WHAT TO WORK ON
Repeat the data as given. Images do not go in the copy.

INPUT DATA
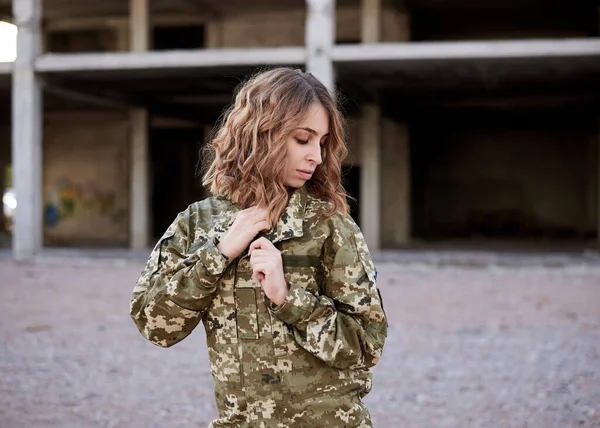 Young curly blond military woman, wearing ukrainian army military uniform and black t-shirt, holding her collar. Three-quarter portrait of female soldier in front of ruined abandoned building.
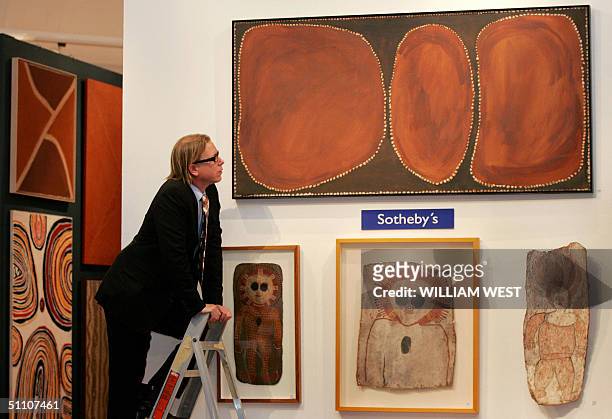 Director of Aboriginal Art at Sotheby's, Tim Klingender inspects a painting by Rover Thomas which is hoped to become the first painting by an...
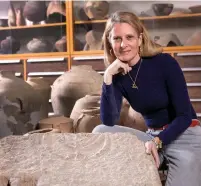  ?? (Tal Rogovsky) ?? DR. KATIA CYTRYN-SILVERMAN poses with the recently discovered basalt stone decorated with a menorah.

COMPLETED EXERCISE
 Young curly blond military woman, wearing ukrainian army military uniform and black t-shirt, holding her collar. Three-quarter portrait of female soldier in front of ruined abandoned building.
 Director of Aboriginal Art at Sotheby's, Tim Klingender inspects a painting by Rover Thomas which is hoped to become the first painting by an...
  ?? (Tal Rogovsky) ?? DR. KATIA CYTRYN-SILVERMAN poses with the recently discovered basalt stone decorated with a menorah.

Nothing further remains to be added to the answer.